Why isn't the M1 Ultra twice as fast as the M1 Max? I thought the Ultra was 2 Max chips stuck together.
This is an interesting question, and depends on the exact aspect of performance.
If you have INDEPENDENT pieces of code running on the CPUs, for example, the Ultra is essentially twice as fast as the Max/Pro (look at eg the GB5 multicore score).
But when the code running on different cores (CPU or GPU) needs to interact (eg one core needs to wait until another core has finished its work) multiple issues kick in.
- The most obvious is that everyone has to wait for the slowest piece of work (you may have 16 tailors, but the suit isn't ready until the slowest tailor working on the most complicated part is finished).
- More technical (but probably more important) is that it's not easy for one core to communicate with another at high speed.

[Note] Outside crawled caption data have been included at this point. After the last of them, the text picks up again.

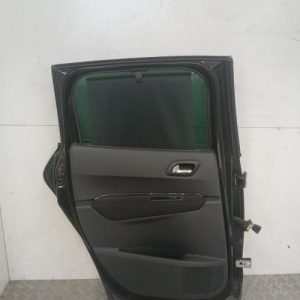 PEUGEOT 3008 1 PHASE 1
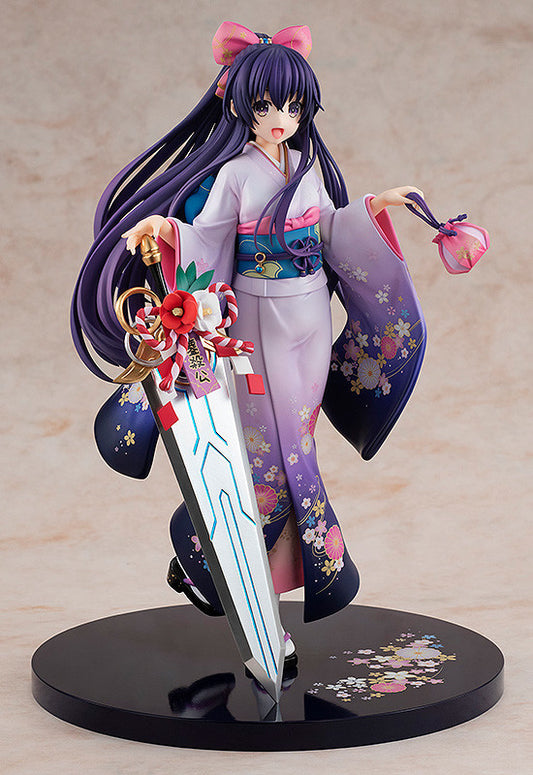 Tohka Yatogami - Finest Kimono Ver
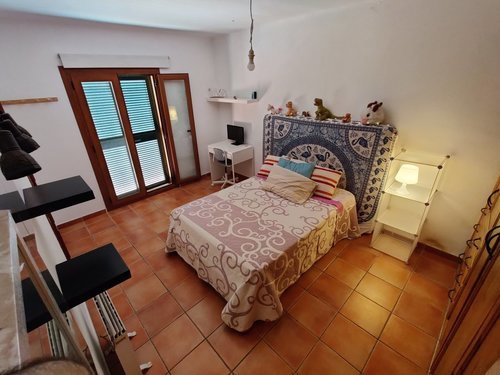 habitación / temporada turismo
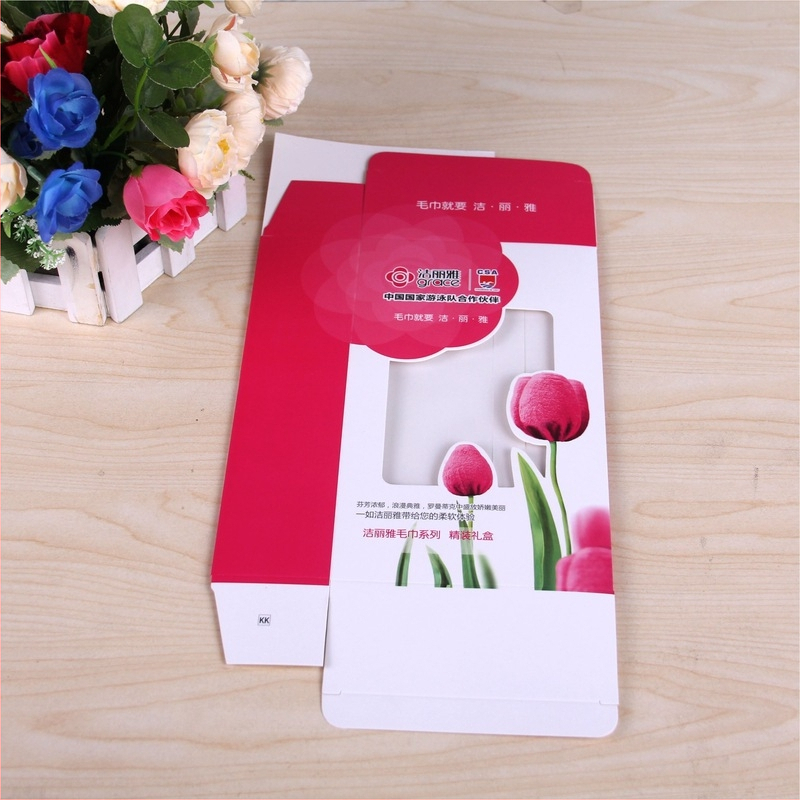 Jielia кърпа в подаръчна кутия, 40 g кърпа, процес на прежда 5939102416, спецификация на прежда 5939102416, основни компоненти: празна кутия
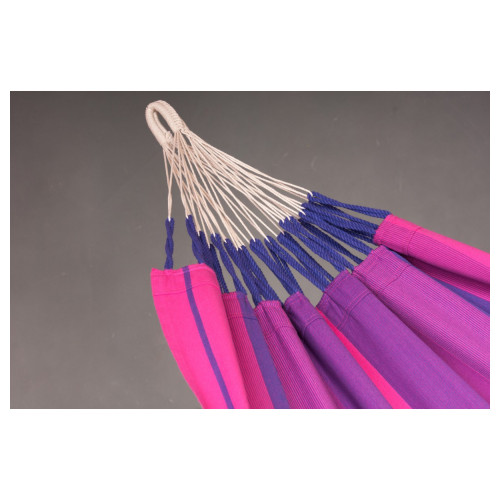 Гамак зі стійкою La Siesta ORH147MES121 purple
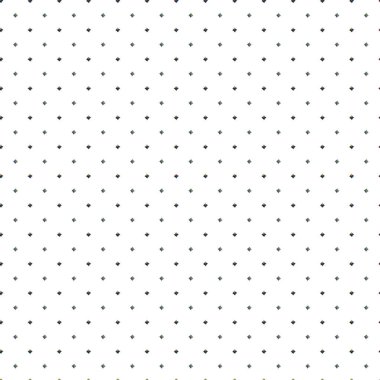 Süslü geometrik dikişsiz arkaplan, vektör 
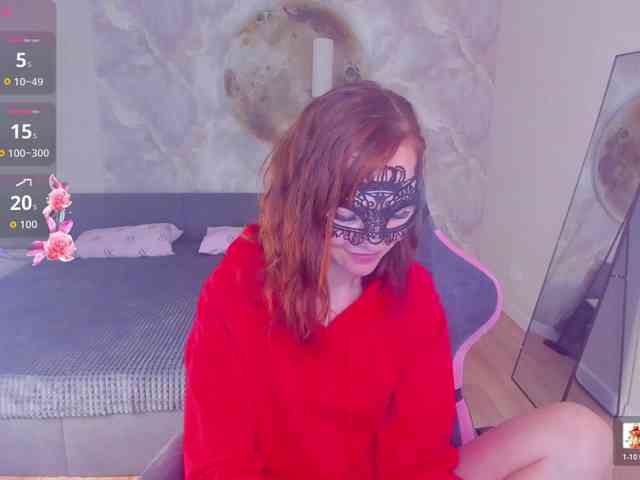 Margo-Kelly webcam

There is a lot of protocol overhead (exactly what info needs to be communicated, in what order), and a lot of HW overhead (to get from a GPU core on one chiplet to a GPU core on the other, a transaction has to pass through multiple routers that decide where next to send the transaction, along with delays in buffers that match different voltages or different frequencies between different IP blocks).
Also the LOCAL connections between the GPU cores also start to get clogged once you have too many cores all trying to talk to each other, and you need to build a "second freeway" to prevent these sorts of traffic jams.

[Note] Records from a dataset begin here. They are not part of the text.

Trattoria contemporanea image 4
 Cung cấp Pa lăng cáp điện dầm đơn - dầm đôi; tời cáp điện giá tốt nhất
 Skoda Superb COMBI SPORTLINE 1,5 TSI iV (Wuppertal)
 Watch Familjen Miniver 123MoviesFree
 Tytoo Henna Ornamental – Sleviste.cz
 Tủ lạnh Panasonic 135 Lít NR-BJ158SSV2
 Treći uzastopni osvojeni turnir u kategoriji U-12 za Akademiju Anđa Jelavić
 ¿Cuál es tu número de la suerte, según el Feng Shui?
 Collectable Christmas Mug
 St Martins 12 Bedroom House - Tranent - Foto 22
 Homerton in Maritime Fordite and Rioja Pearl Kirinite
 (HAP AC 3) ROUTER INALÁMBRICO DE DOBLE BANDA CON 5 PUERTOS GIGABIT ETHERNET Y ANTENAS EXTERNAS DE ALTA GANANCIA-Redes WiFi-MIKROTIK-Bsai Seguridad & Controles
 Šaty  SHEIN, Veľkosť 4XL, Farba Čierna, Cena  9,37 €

Even Max starts to suffer from this. M1 and M2 Pro Metal scores are about 2x M1 and M2, but the Max score is only about 1.65x the Pro score. Then Ultra is about 1.45x the Max score.
Apple is well aware that scaling on Ultra (and even Max) was sub-optimal, and I think they shipped Ultra essentially as an experiment (even more so than the rest of the M1 line) to see what the most serious pain points were. If you look at the patent record, they have already patented both a new cache protocol and a new Network on Chip that are designed for scalability across multiple chiplets, and are informed by what they learned from Ultra.
Of course who knows when patents will turn into products, but I suspect that we will will see a rather better scaling at the high end (both Max and Ultra) in the next generation.